The study, led by seismologist C.P. Rajendran of the Jawaharlal Nehru Centre for Advanced Scientific Research in Bengaluru, suggests that the mega Himalayan earthquake could reach a magnitude of 8.5 on the Richter scale. The “enormous stacking up of strain in the region portends at least one earthquake of magnitude 8.5 or more in one of the overlapping segments of the central Himalayas anytime in the future”, it says.
Mega Himalayan Earthquake: How The Study Evolved
The researchers conducted the study along the frontal thrust of the central Himalayas. They examined Mohana Khola in western Nepal and Chorgalia on the Indian border to determine the timing of the last faulting event on in this region. Reports suggest that the last such event occurred between the 14th and 15th century.
A massive earthquake of magnitude 8.5 or higher had occurred between 1315 and 1440, disturbing a stretch of the length of central seismic gap from Bhatpur to beyond Mohana Khola (about 600 km) in the central Himalayan region. Following this earthquake, the belt has been seismically quite for almost 600 to 700 years. This indicates there is a tremendous build up of strain in the region, increasing the likelihood of the mega Himalayan earthquake.

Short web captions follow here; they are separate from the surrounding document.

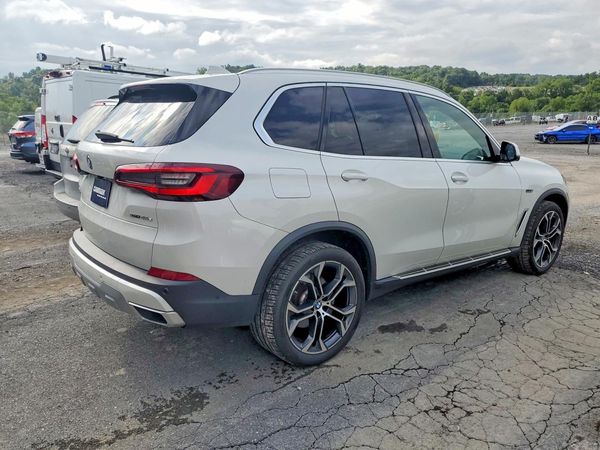 2022 BMW X5 xDrive45e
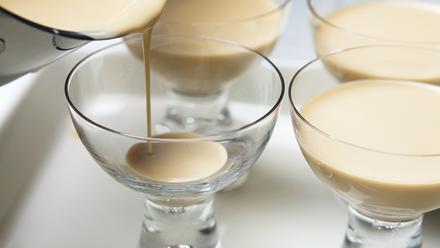 Jaa kermaseos neljään annoslasiin ja nosta kylmään hyytymään vähintään kahdeksi tunniksi.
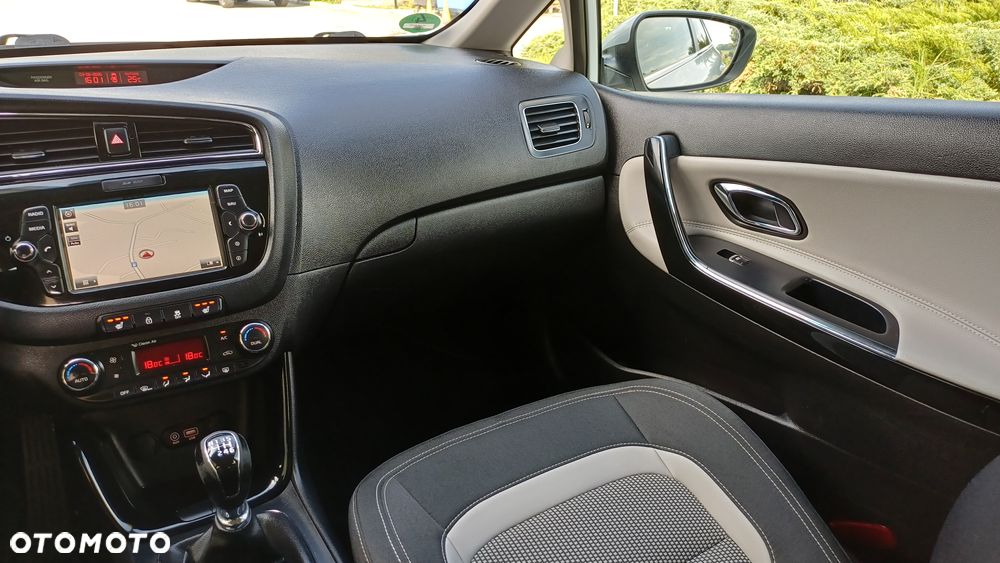 Kia Ceed 1.6 CRDi 136 ISG Platinum Edition - 25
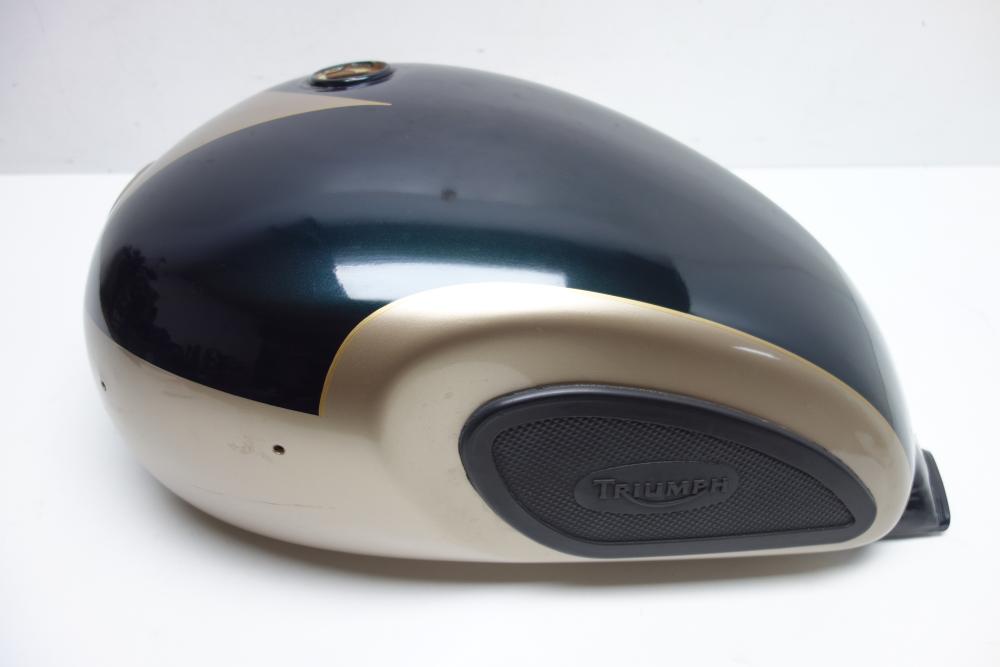 Triumph Thunderbird 900 Tank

“Considering this potentially high seismic risk, this will be particularly catastrophic for a region marked by an ever-growing population and unhindered expansion of the built-up environment, to be contrasted with poor preparedness to meet this contingency,” Rajendran said.
The scientists followed the local geology and structural map published by the Geological Survey of India. They also used Google Earth and imagery from ISRO’s Cartosat-1 satellite to complete this study on the mega Himalayan earthquake. The study was published in Geological Journal.
US geophysicist Roger Bilham of the University of Colorado has also supported this study. Bilham has worked hard for year to lay the foundation of knowledge about earthquakes in the Himalayas. “My own evaluation of the available evidence suggests their estimate is conservative, and should the rupture zone extend from east of Almora to west of Pockara (Nepal) the earthquake will exceed 8.7,” he said.
The warning came just a day before back-to-back earthquakes measuring 7 and 5.7 triggered widespread panic and a tsunami warning in Alaska.